Hay otro clásico veraniego más, que me deja perpleja cada año es la expedición al supermercado. Durante el resto del año, hacer la compra es algo rutinario, más o menos llevadero. Pero en julio y agosto, ir al súper es como participar en una especie de maratón. Las estanterías se vacían en un abrir y cerrar de ojos, hay gente discutiendo por la última sandía o el paquete de patatas fritas. Y claro, luego está el arte de maniobrar entre carritos, niños corriendo y personas que parecen estar allí solo para socializar. Pero en cuanto septiembre asoma por la esquina, todo vuelve a la normalidad. Los pasillos se vacían, los productos regresan a sus lugares habituales, y el supermercado recupera esa atmósfera tranquila que tanto se extraña durante los meses de verano.

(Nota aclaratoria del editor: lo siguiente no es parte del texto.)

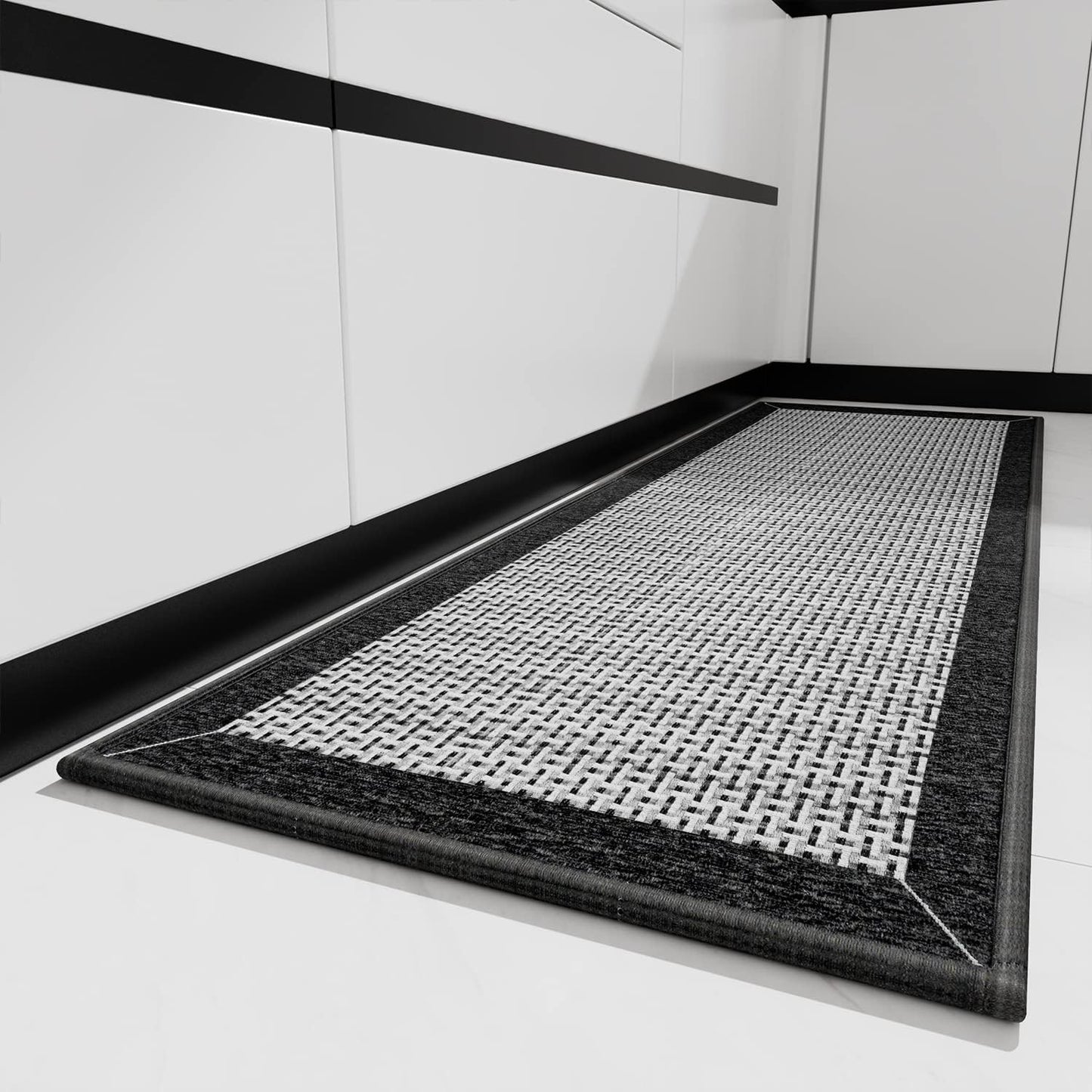 PADOOR Kitchen Mats for Floor, Kitchen Rugs Non Slip Washable, Rubber Backed Kitchen Runner Super Absorbent Kitchen Floor Mat Sink Rug, 25”x59” Black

Entonces, ¿Qué tiene septiembre que lo hace tan especial para quienes vivimos en regiones costeras? No es solo la vuelta a la rutina, ni la bajada de temperaturas (que también se agradece, no lo voy a negar). Es como ese amigo que llega después de una fiesta ruidosa y te invita a sentarte a charlar en calma, disfrutando del paisaje sin prisas. Es volver a pasear por la orilla de la playa sin tener que hacer zig-zag entre sombrillas y castillos de arena.
Y no, no tengo nada en contra de los veraneantes ¡ni mucho menos! Después de todo, ellos también son parte de la magia de vivir en un lugar como este. Pero, como en todo, también necesitamos un respiro. Y septiembre, es ese suspiro de alivio que nos devuelve nuestra pequeña porción de paraíso.